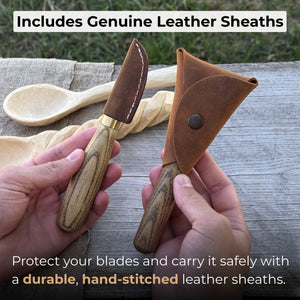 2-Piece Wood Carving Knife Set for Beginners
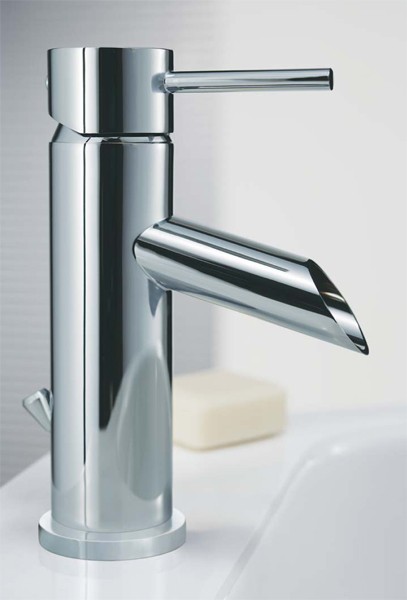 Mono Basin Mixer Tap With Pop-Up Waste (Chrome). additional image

= = = =

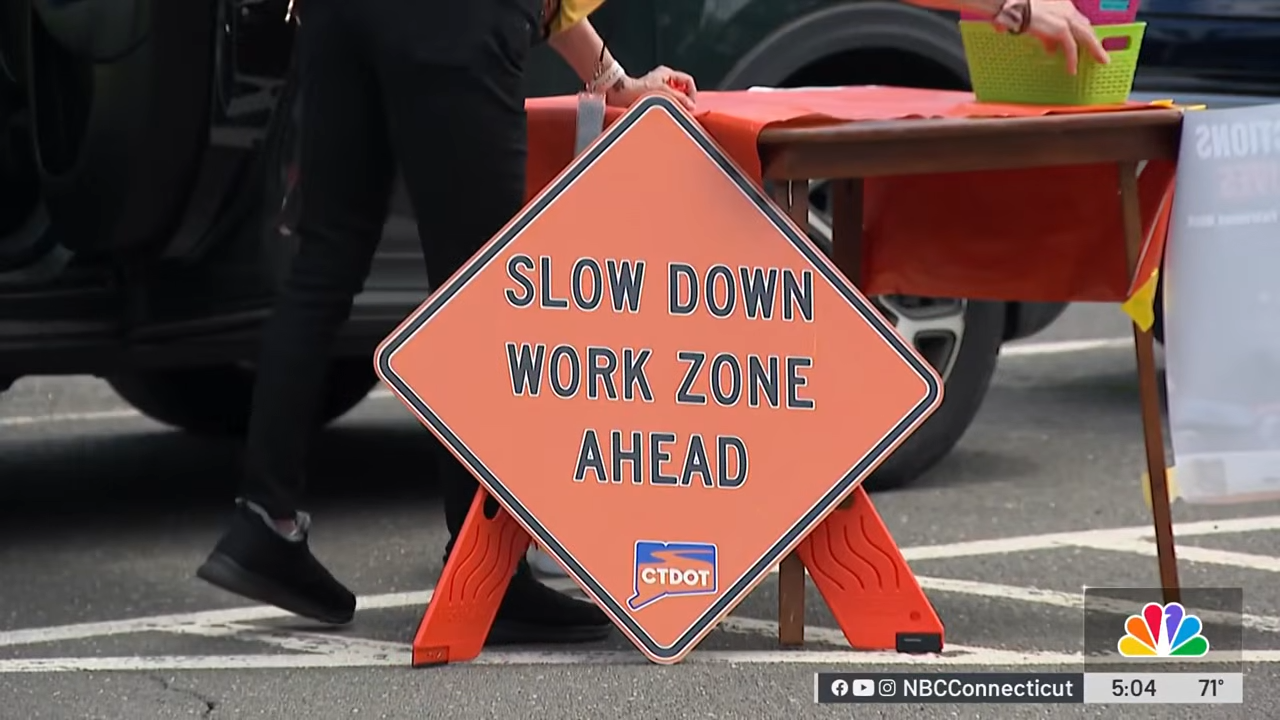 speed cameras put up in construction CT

= = = =

## Task
Within the entries above, the lines from the one containing "2-Piece Wood Carving Knife Set for Beginners" through the one containing "Mono Basin Mixer" are to be transcribed exactly, ends included, pictures excluded.

## Exercise answer
 2-Piece Wood Carving Knife Set for Beginners
 Mono Basin Mixer Tap With Pop-Up Waste (Chrome). additional image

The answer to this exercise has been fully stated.